ON a cold and wet Monday evening, the Examination Schools on the High Street had a queue of keen people waiting to see if there would be room for them to join the presentation.

It was the opening event in The Oxford Research Centre in the Humanities (TORCH) series Humanities and the Public Good which had attracted so much interest.

What this shows is that there is a refreshed level of energy and engagement with the humanities and collaborative research.

Humanities subjects include history, English, classics, art and philosophy.

That is part of what TORCH is for – a vehicle to enable these events, discussions and future research.

Unfortunately for those waiting outside on the High Street, there was only room for nine people on the reserve list as we had reached the venue’s 440 capacity.

Launched in May 2013, TORCH stimulates and supports research activity that transcends disciplinary and institutional boundaries.

Based in the original and beautifully renovated Radcliffe Infirmary Building on the Woodstock Road, the University of Oxford’s Humanities Division is the home for TORCH.

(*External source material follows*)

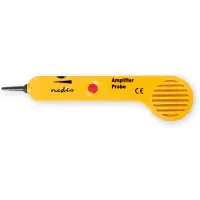 Nedis NWTG100YE Kabeltester für PC und Multimedia Tongenerator LED Anzeige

It is adjacent to Oxford’s new Mathematical Institute and it forms part of the historic Radcliffe Observatory Quarter, one of the most significant development projects the University of Oxford has undertaken for more than a century.

The quarter will also be the home of the Blavatnik School of Government and the Department of Primary Care Health Sciences.

TORCH provides an important opportunity for Oxford’s humanities scholars to collaborate with researchers in other colleges, disciplines, divisions and institutions, and to engage with non-academic partners and the wider public.

Through provision of seminar rooms, start-up funding, administrative support and publicity, the centre enables new communities of scholars to generate and develop cross-disciplinary research agendas.

TORCH sponsors many exciting new networks and programmes such as environmental humanities, as well as arts and Humanities Research Council/TORCH cultural engagement fellows.

Events like those in the current Humanities and the Public Good series enable all people to discuss and develop new lines of research.

Public engagement is an important aspect of this work.

TORCH is also a hub for early-career scholars and supports the humanities division’s new programme in knowledge exchange.

TORCH also provides research space for up to 20 early-career scholars, hosts a wide range of projects including digitalhumanities@Oxford and the Humanitas visiting professor programme, and works in partnership with other research centres within and beyond Oxford.

Humanitas is a series of visiting professorships at the Universities of Oxford and Cambridge.

We have recently welcomed the latest visiting professorship with a hugely successful series by Dr Rowan Williams, former Archbishop of Canterbury and currently Master of Magdalene College, Cambridge.

Every event was filled to capacity, with positive feedback from visitors.

Looking to the future, TORCH will continue to support research programmes and look to widen this to more collaborative work, particularly focusing on humanities and science.

All events are free and all are welcome. Registration at torch.ox.ac.uk is strongly recommended to guarantee a place.